Comment by chaos_emergent

Comment by chaos_emergent 7 months ago

2 replies

as I sit in front of my computer waiting for a transformation-for-import job to complete, I can describe my basic workflow:

1. define a clean interface target - for me, that's an interface that I made for my startup to import call data.

2. explore the data a little to get a sense of transformation mappings.

3. create a PII-redacted version of the file, upload it to ChatGPT along with the shape of my interface, ask it to write a transformation script in Python

4. run it on a subset of the data locally to verify that it works.

5. run it in production against my customer's account.

I'm curious - that seems like a reasonably standard flow, and it involves a bit of manual work, but it seems like the right tradeoff between toil and automation. Do you struggle with that workflow or think it could be better somehow?

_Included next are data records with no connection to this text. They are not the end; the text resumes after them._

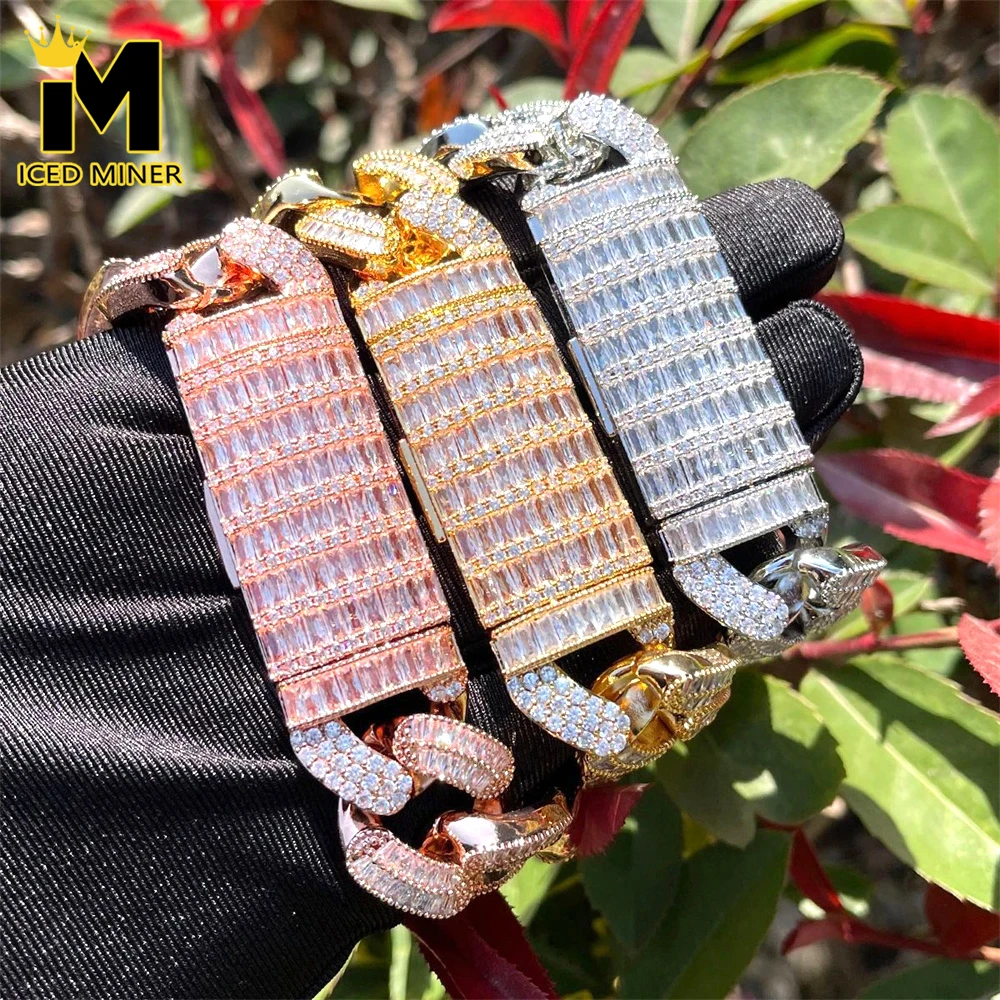 

Icedminer 20mm Baguettes Zircon Iced Out Cuban Link Chain Necklaces For Men Women Choker Hip Hop Jewelry Free Shipping
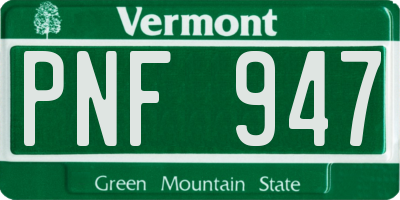 VT license plate PNF947
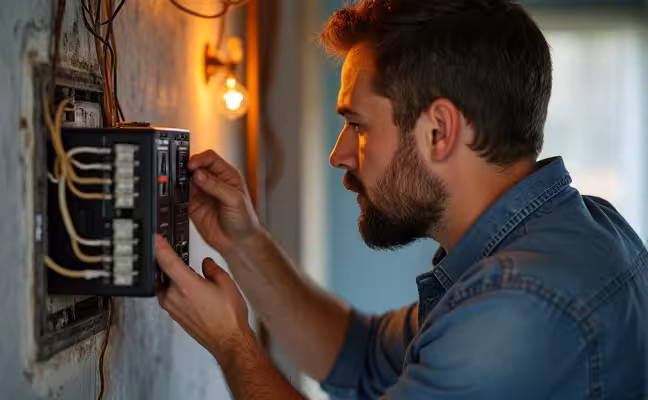 A detailed view of a home inspector in the process of examining a home's electrical system, focusing on the wiring, outlets, and circuit breakers, with hints of discolored outlets and a faint smell of burning indicating a potential electrical fire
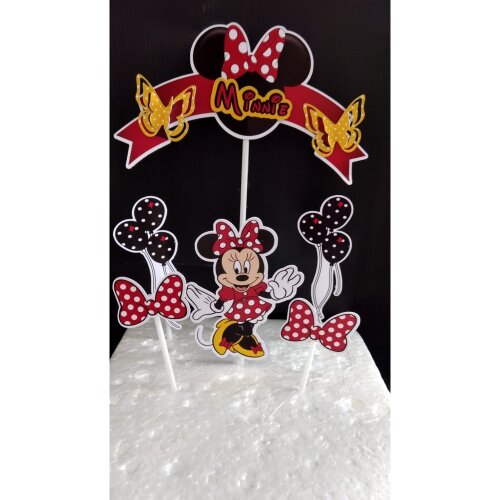 Topo de Bolo Minnie Vermelha 06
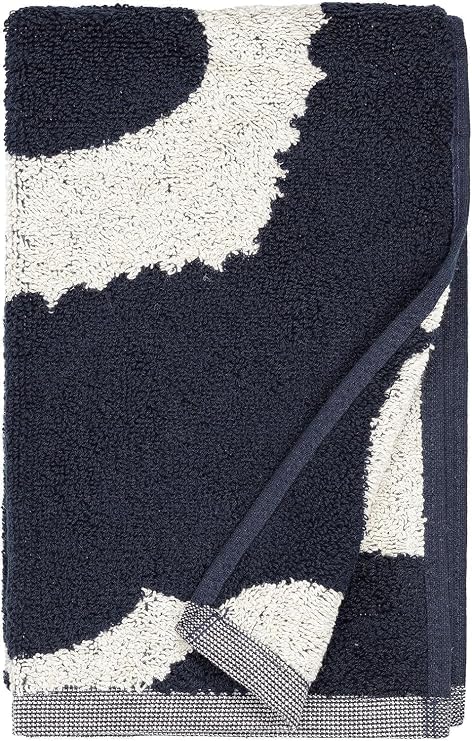 MARIMEKKO Unikko Terry Cotton Guest Towel (Blue) Floral Patterned Guest Towels 20 in x 12 in
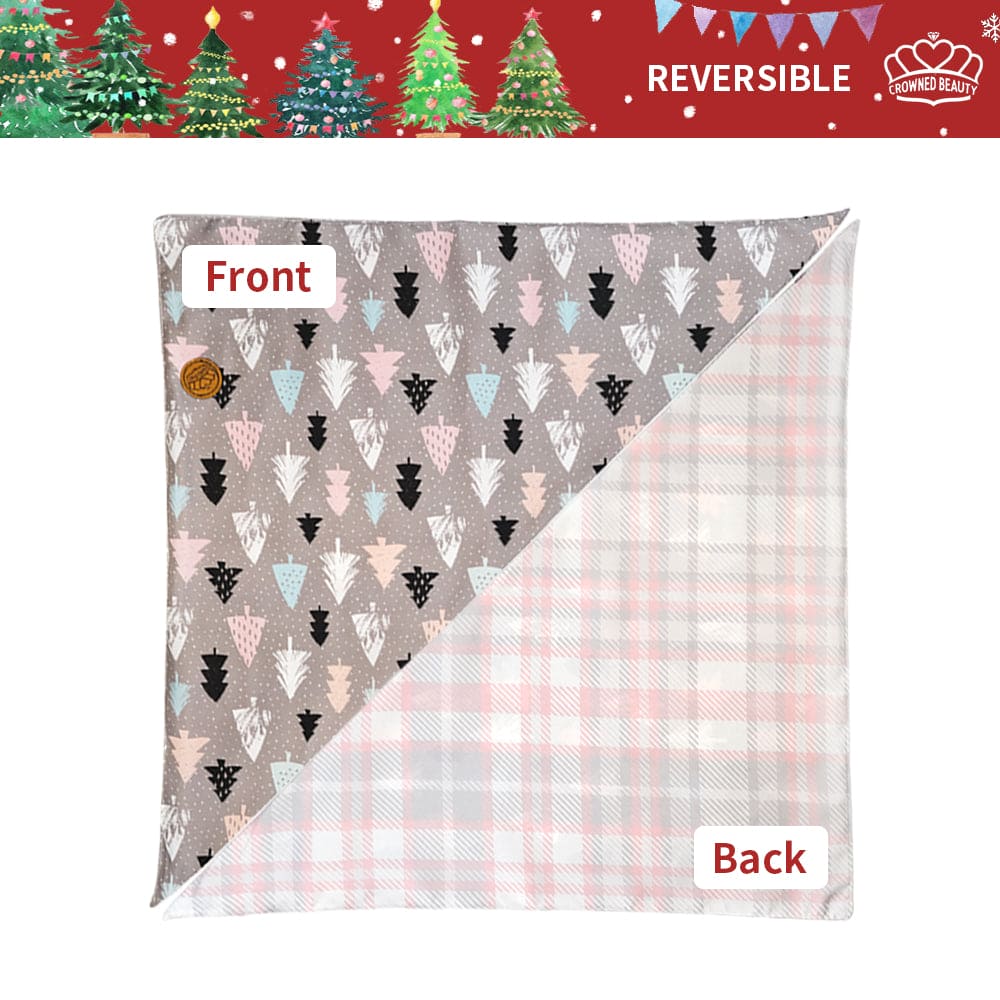 CROWNED BEAUTY Reversible Christmas Dog Bandanas - Frosty Pines Set-2 Pack for Medium to XL Dogs DB79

dataflowmapper 7 months ago

Thanks for sharing that workflow, for more straight forward flows, that sounds like a decent approach. My main thoughts on where it could be improved, or where I see potential struggles, are when:

  - People aren't comfortable or familiar with coding/Python.
  - You get into more complex imports like historical data, transactional data, etc. There you might have like 15 transaction types that have to be mapped, all with different fields, math, and conditional logic where the requirements become too much for just prompting ChatGPT effectively, and iterating on the Python can get pretty involved.
  - The source data structure and transformation needs aren't consistently the same, leading to a lot of 'throwaway' or heavily modified scripts for each unique case.
  - Tasks like VLOOKUPs or enriching data come into play, which might add manual coding or complexity beyond a simple 1-to-1 source-to-destination script.
These are the areas where I'm exploring if a more structured way could offer benefits in terms of repeatability and accessibility for a wider range of users or complex scenarios. Appreciate the insight into your process and your thoughts on this.
  • sargstuff 7 months ago

    From doing historical data restorations (pre-json), using documented industry/standard structures & protocols, normalized data formats/layouts helps out quite a bit.

    Note: awk/shell scripts, ~80's because relatively portable across platforms (mac,pc,dec,ibm (ignoring ebcdic), etc.)